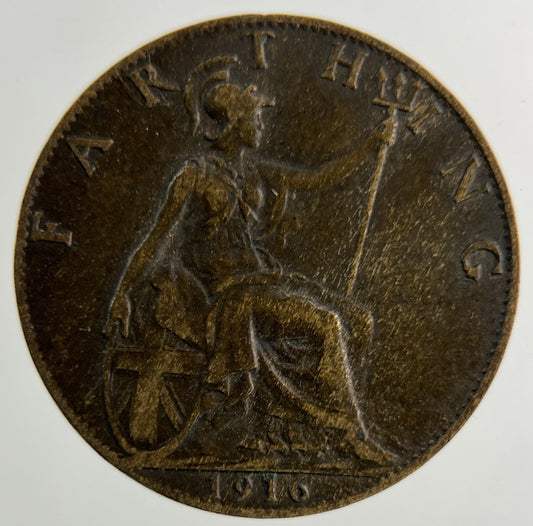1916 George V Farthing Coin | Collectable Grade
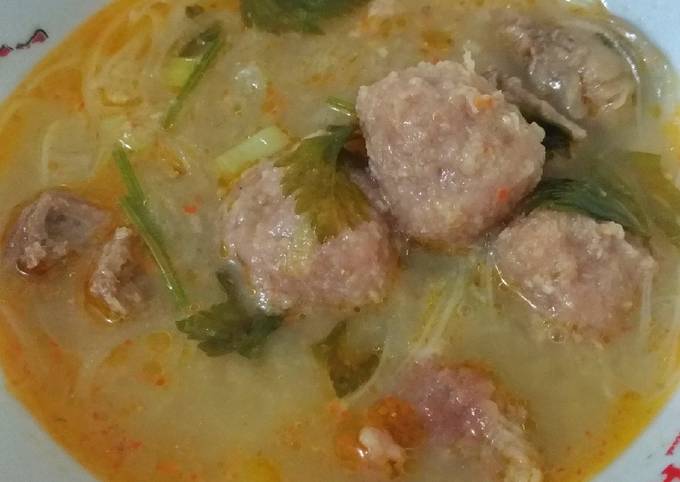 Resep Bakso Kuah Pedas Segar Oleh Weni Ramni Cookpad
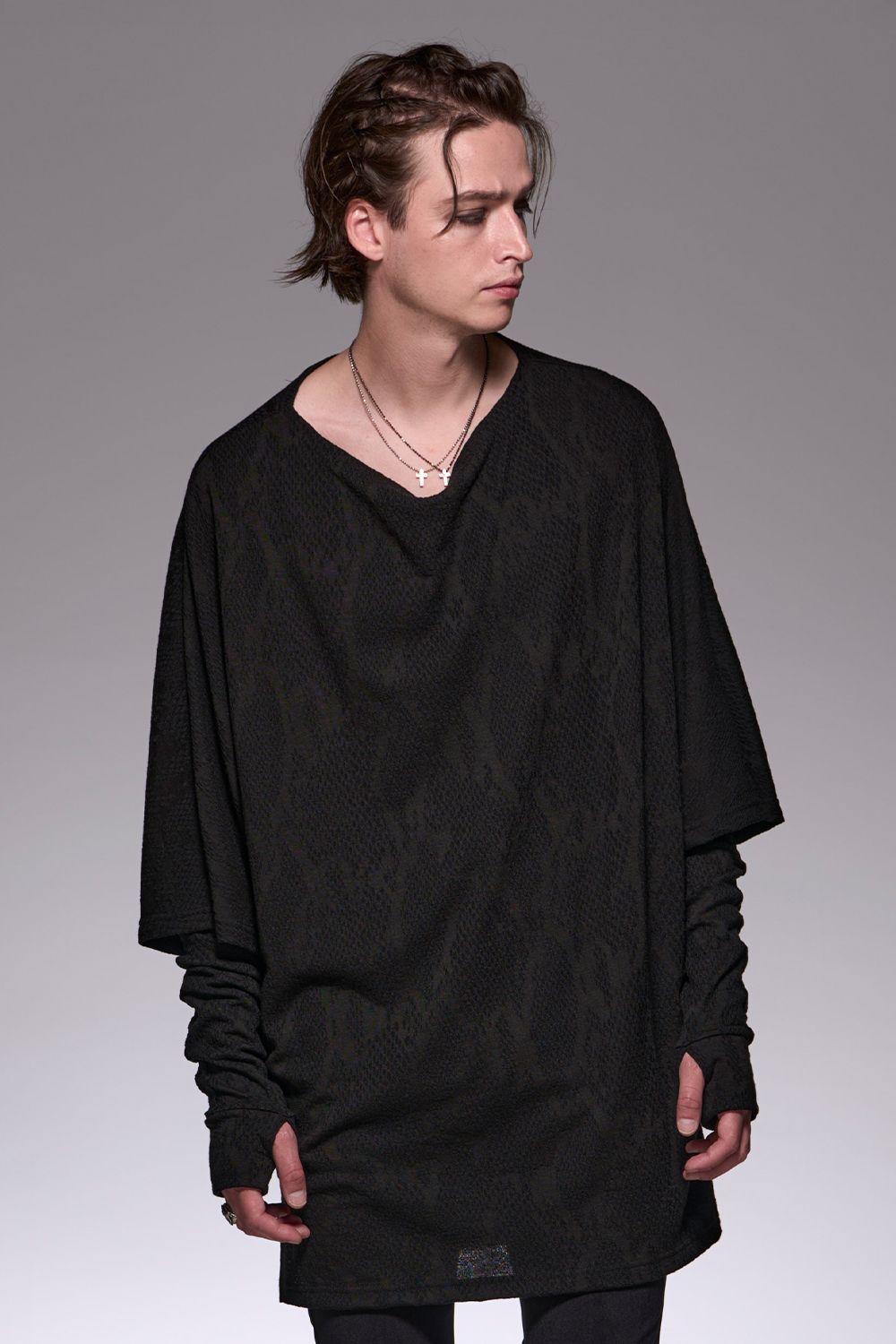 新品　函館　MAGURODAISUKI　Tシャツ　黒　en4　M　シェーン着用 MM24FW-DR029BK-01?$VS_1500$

■ **Work item**: Restate the listing word for word, pictures omitted.

■ **Solved problem**:
1916 George V Farthing Coin | Collectable Grade
 Resep Bakso Kuah Pedas Segar Oleh Weni Ramni Cookpad
 新品　函館　MAGURODAISUKI　Tシャツ　黒　en4　M　シェーン着用 MM24FW-DR029BK-01?$VS_1500$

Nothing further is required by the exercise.